Brain2Image: Converting Brain Signals into Images

Can we encode useful visual information about images from the brain’s EEG signals?

Yes. Image generation from a brain signal feature vector encoding information about visual classes is the main contribution of this paper


The authors built an LSTM based generative method which learns a more compact and noise free version of the EEG data and uses it to generate visual stimuli evoking specific brain responses.

EEG contains patterns related to visual content which can be used to generate images which are effective at evoking visual stimuli. Their primary objective in this paper was:

Image (x) -> human brain -> EEG signals -> Brain2Image -> decoded image (y)

There are 3 main steps to this:

  1. data collection: human looks at images on a screen and his brain signals are recorded
  2. feature extraction: recorded EEG signals are passed through an encoder which returns a feature vector containing class discriminative information.
  3. training image generators: VAE decoders/GANs are trained on image-encoded signal pairs

Learning the Latent space using LSTMs

Given an image stimulus, they feed the EEG time-series data into an LSTM + encoder which is trained to return class-discriminative feature vectors. This gave them over 80% classification accuracy.

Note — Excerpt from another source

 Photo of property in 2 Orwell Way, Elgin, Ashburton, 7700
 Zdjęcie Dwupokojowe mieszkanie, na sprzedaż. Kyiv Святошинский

I personally think that using a classification output would not be good for a latent vector since it was probably trained on a Cross Entropy-like loss where the outputs of 2 different classes (even if theyre visually similar) would have very low cosine similarity. This way, the vector space would be skewed quite a bit and hence not be suitable for latent vector interpolations etc.

Leveraging the latent space to generate images

The authors tried 2 main approaches: 1. VAEs 2. GANs

For the GAN training, they used 100 dimensional random noise (z) and 128 dimensional EEG features.

Overall, the GAN approach seems to be a better performer in terms of inception scores and inception classification accuracy. Even to my eyes they seemed better.